Tandem conjugation.jpg

Currently, we have tested and constructed three sets of independent conjugative systems and validated the feasibility of our design with the F system. The next step is to do the 3-step conjugation-counting process in a single strain.

Push-on-push-off switches are binary switches flipping to different direction under the same impulses, depending on the previous states it resides. It differed from a toggle switch that the forces flip the switch back and force are exactly the same. This allows the cells to do sequential logic utilizing both the information of present and pst events.
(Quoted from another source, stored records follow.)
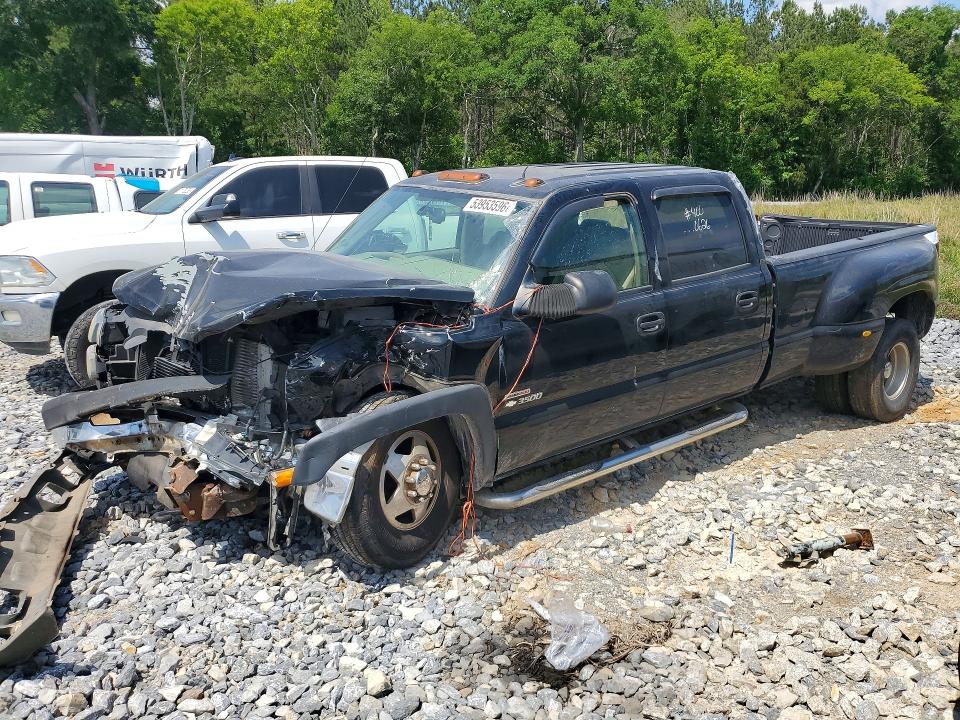 Aukcja sprzedaży 2004 Chevrolet Silverado, vin: 1GCJK33124F170626, numer aukcji: 53953596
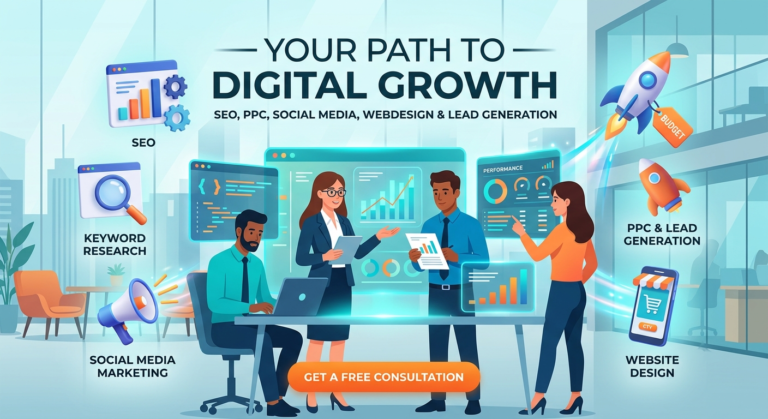 online digital marketing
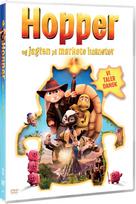 Hopper - Og Jagten På Mørkets Hamster - Hopper et le hamster des ténèbres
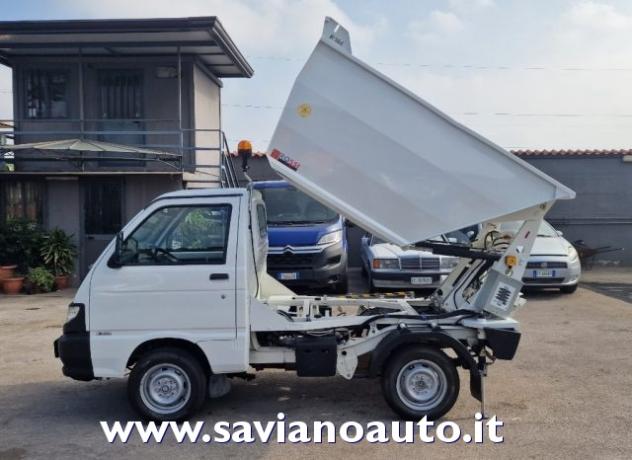 PIAGGIO PORTER 1.3 BENZINA " VASCA RIFIUTI rif. 24035820 - Foto 5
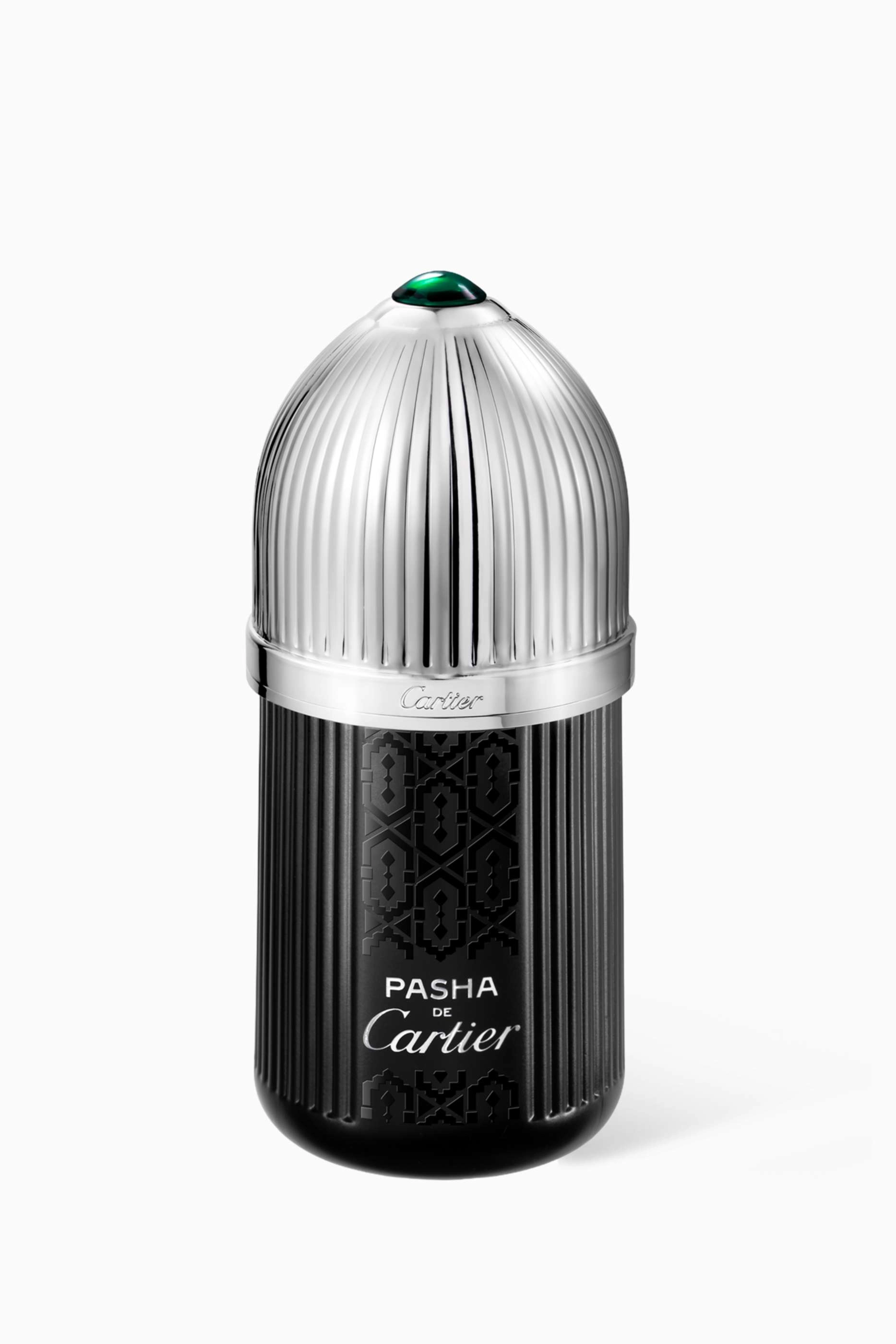 Cartier Perfumes Pasha De Cartier Noire Eau de Toilette 100ml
We have designed a gene regulatory circuit that senses Ultra-Violet light (UV) irradiation as input signal. Under intermittent irradiation, two reporter genes are to be induced alternately. The circuit can be divided into two associated parts: a bistable switch and a NOR gate. The bistable switch resembles a toggle switch where the NOR gate is controlled by the bistable switch and the input signal. On the other hand, the output of the NOR gate can switch the bistable state from one to the other. In this way, the NOR gate combined the information of present inputs and the previous states of the system, and thus flipping the switch in different directions based on the previous events, even though the present inputs are always the same.

Peking Swich fig.1.JPG

Thus far, we have constructed and tested a series of NOR gates and one bistable switch, successfully obtaining the desired dynamics for the previous design(these dynamics may also be very useful to many other applications). The next is to combine the two together and tune the system to obtain the desired function.